ASSIGNMENT >>
Only the lines running from the line with "Detail Gallery Image" to the end of the listing below should be copied, exactly, without pictures.

RECORDED DATA >>
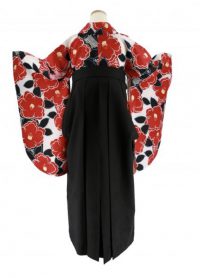 白地に赤椿と黒い葉が描かれた着物と黒色の袴、後ろ姿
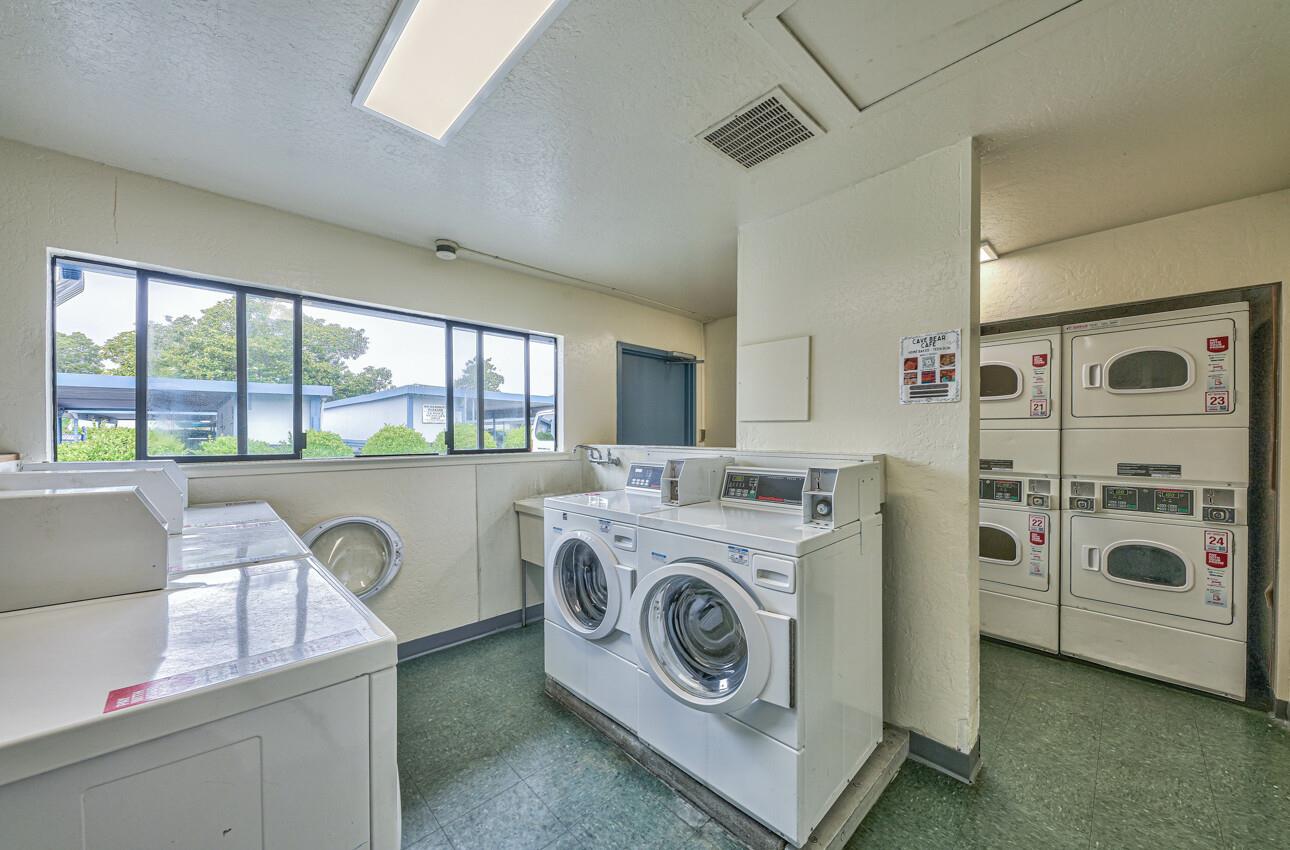 Detail Gallery Image 31 of 39 For 1925 46th Ave #143,  Capitola,  CA 95010 - 2 Beds | 1/1 Baths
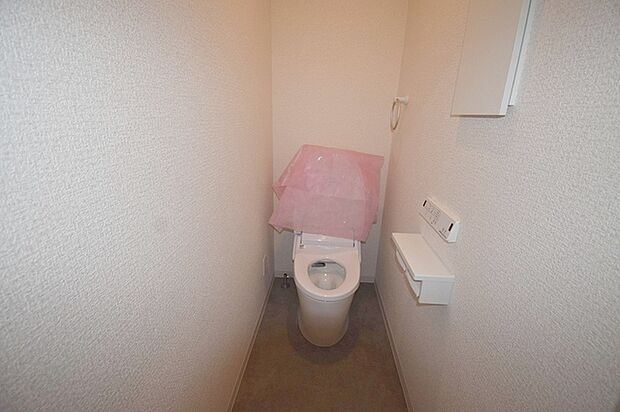2階トイレ。ウォシュレット機能を標準装備。 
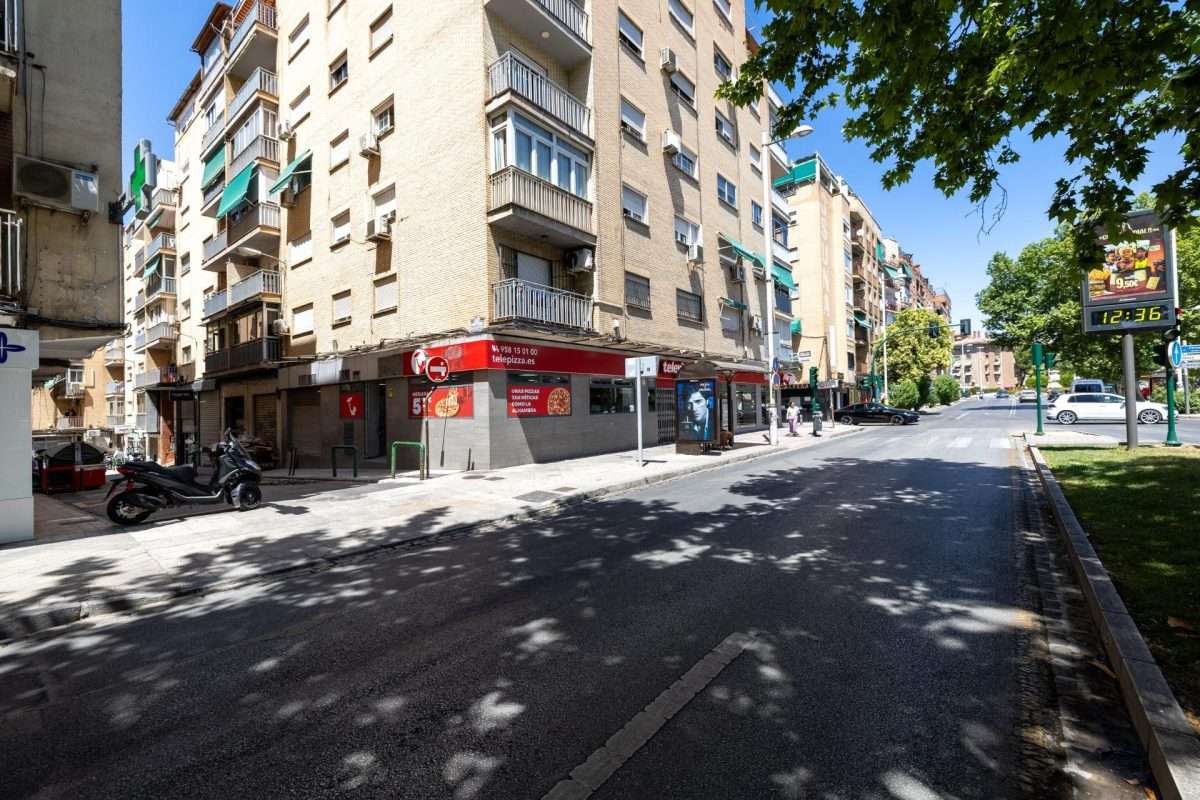 Local comercial en venta en GRANADA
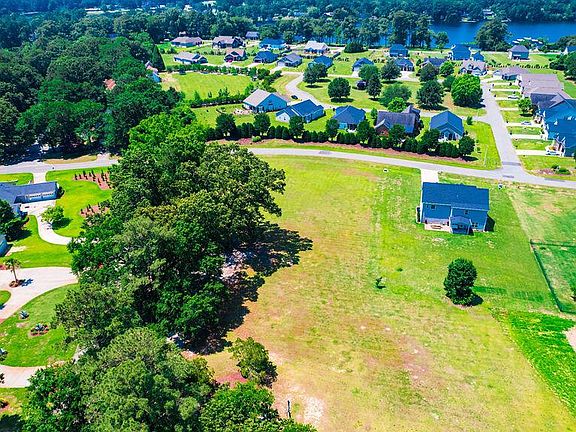 4th image of 101 Breezewood Dr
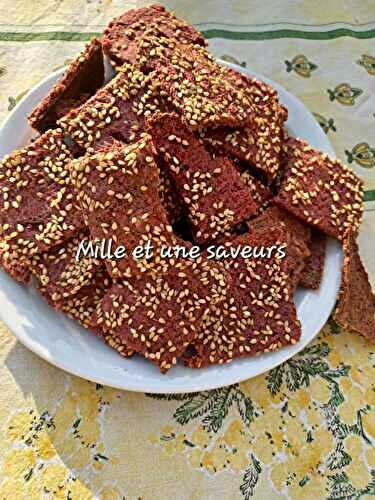 Crackers croustillants à la betterave et noix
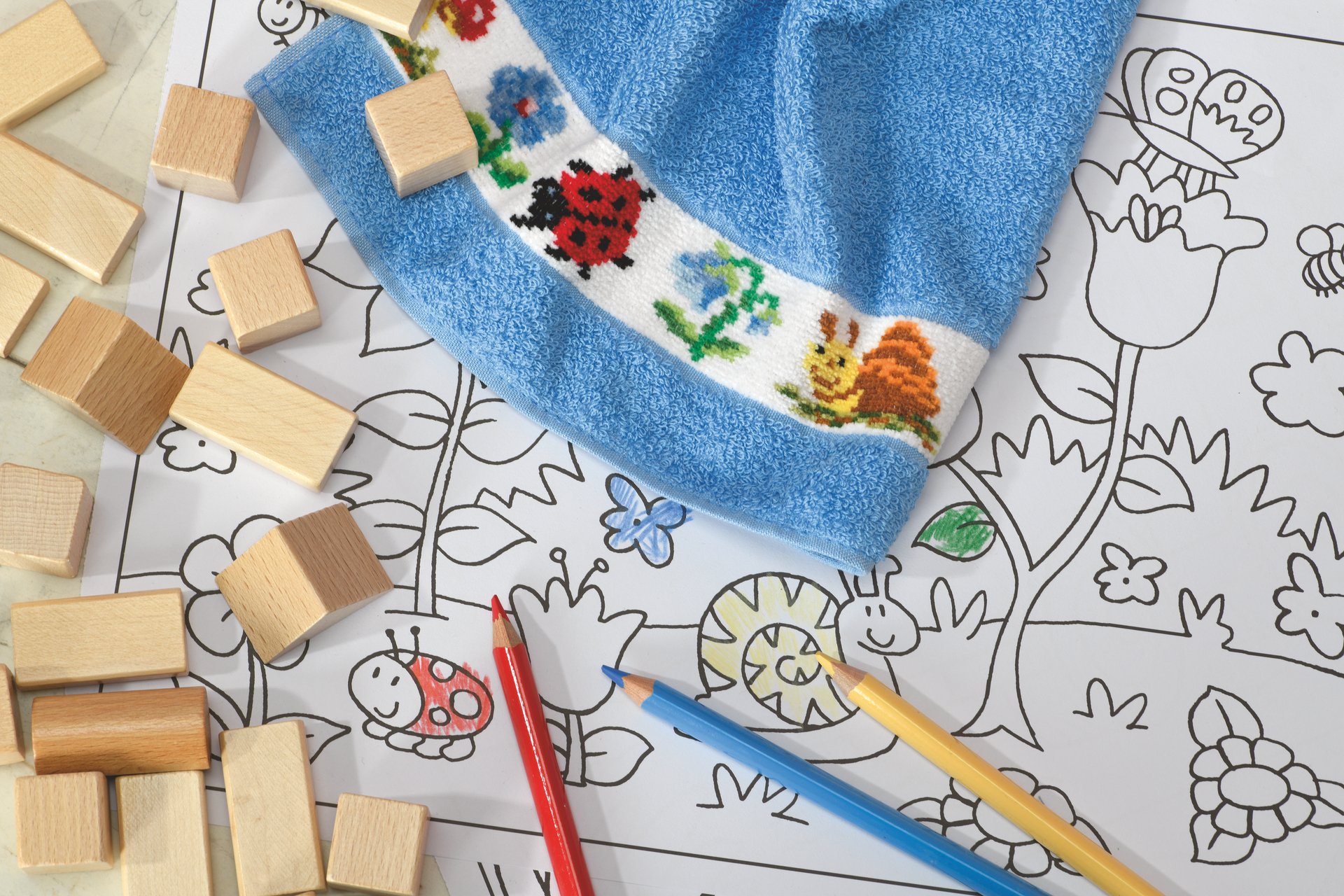 Blaues Handtuch mit Tiermotiv für Kinder – Luxuriöses FEILER Handtuch der Kollektion PAULI als Lifestyleaufnahme aus Original FEILER-Chenille, Made in Germany.
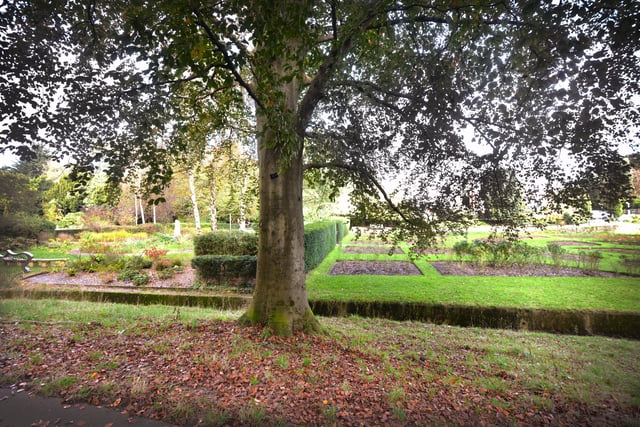 Alexandra Park in Hastings pictured in autumn, 27/10/21 SUS-211027-150510001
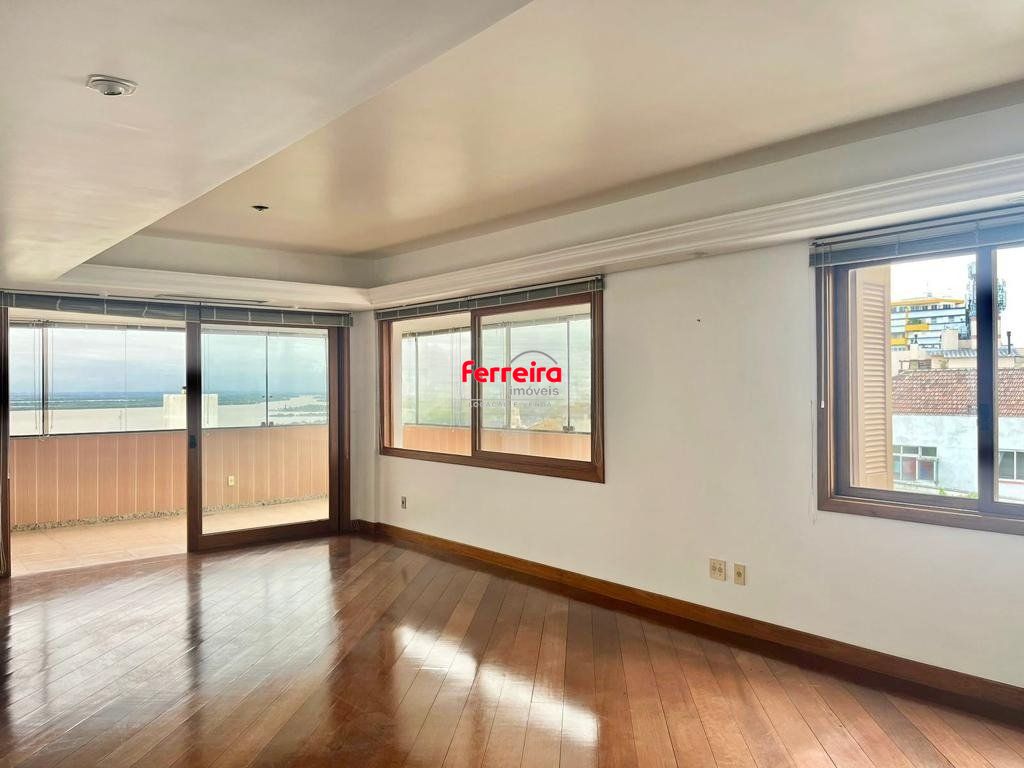 Apartamento de 4 dormitórios e 184m² à venda em Menino Deus, Porto Alegre.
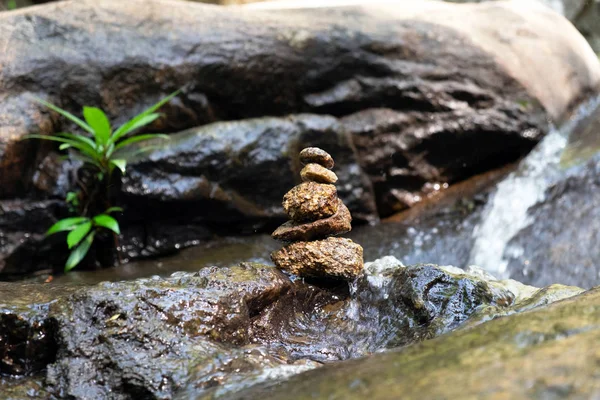 Dört taş dikey olarak düzenlenir ve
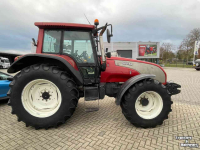 Tractor Valtra T120 tractor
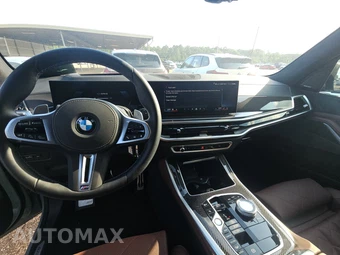 2026 BMW X5 Sports Activity Vehicle M60i xDrive – miniatura 11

RESULT FOR THIS TASK >>
 Detail Gallery Image 31 of 39 For 1925 46th Ave #143,  Capitola,  CA 95010 - 2 Beds | 1/1 Baths
2階トイレ。ウォシュレット機能を標準装備。 
 Local comercial en venta en GRANADA
 4th image of 101 Breezewood Dr
 Crackers croustillants à la betterave et noix
 Blaues Handtuch mit Tiermotiv für Kinder – Luxuriöses FEILER Handtuch der Kollektion PAULI als Lifestyleaufnahme aus Original FEILER-Chenille, Made in Germany.
 Alexandra Park in Hastings pictured in autumn, 27/10/21 SUS-211027-150510001
 Apartamento de 4 dormitórios e 184m² à venda em Menino Deus, Porto Alegre.
 Dört taş dikey olarak düzenlenir ve
 Tractor Valtra T120 tractor
 2026 BMW X5 Sports Activity Vehicle M60i xDrive – miniatura 11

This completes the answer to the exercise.